The second is business prospects. When the first set of new private banks was allowed in the 1990s following the recommendations of the Narasimham Committee, the field was restricted in terms of technology and regulation, which was overcome by the introduction of new banks. They added a new dimension through an array of products for both deposit holders and borrowers, which worked well as can be seen by their position today. Costs were reduced and efficiency norms permeated through the public sector banks, which learnt to compete on an equal footing. While the institution ones dominate the banking space today, the others had gotten assimilated into the system, barring one bank, which continues to do well, belonging to a corporate group. The challenge for the new banks is to bring something new on the table while complying with the RBI norms on inclusive banking. Here, NBFCs converting to banks will have an advantage as they have structures that can be easily put in place and they could take the benefits on the deposits side.
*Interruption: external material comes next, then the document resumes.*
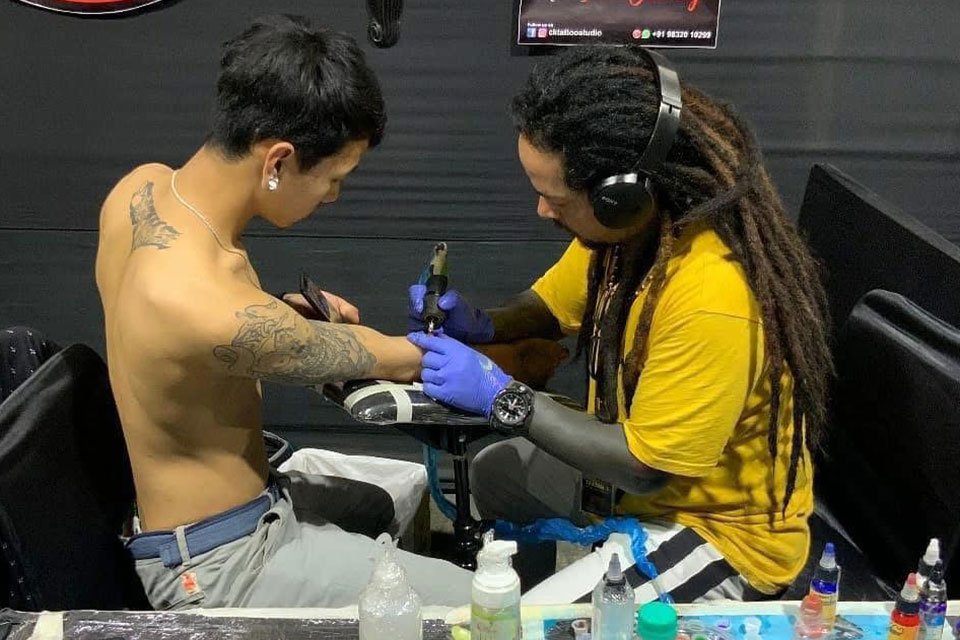 Tattoo Removal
The second macro-based question is whether this will change the landscape of banking? Do we actually need more banks? Currently, banks are well-capitalised and could cater to the requirement of growth in credit of 20% per annum if we are to walk the road of 8%-plus GDP growth. Having more banks will mean more capital coming in. But assuming that there would be no more than 4-5 players to begin with, will R2,000 crore of capital be good enough? Also, can’t the same amount be raised by the existing banks? If the government is not willing to divest in public sector banks, then there will be enough latitude for the new ones. The existing private banks could probably only partly meet the requirement. Therefore, more banks should be good for the system.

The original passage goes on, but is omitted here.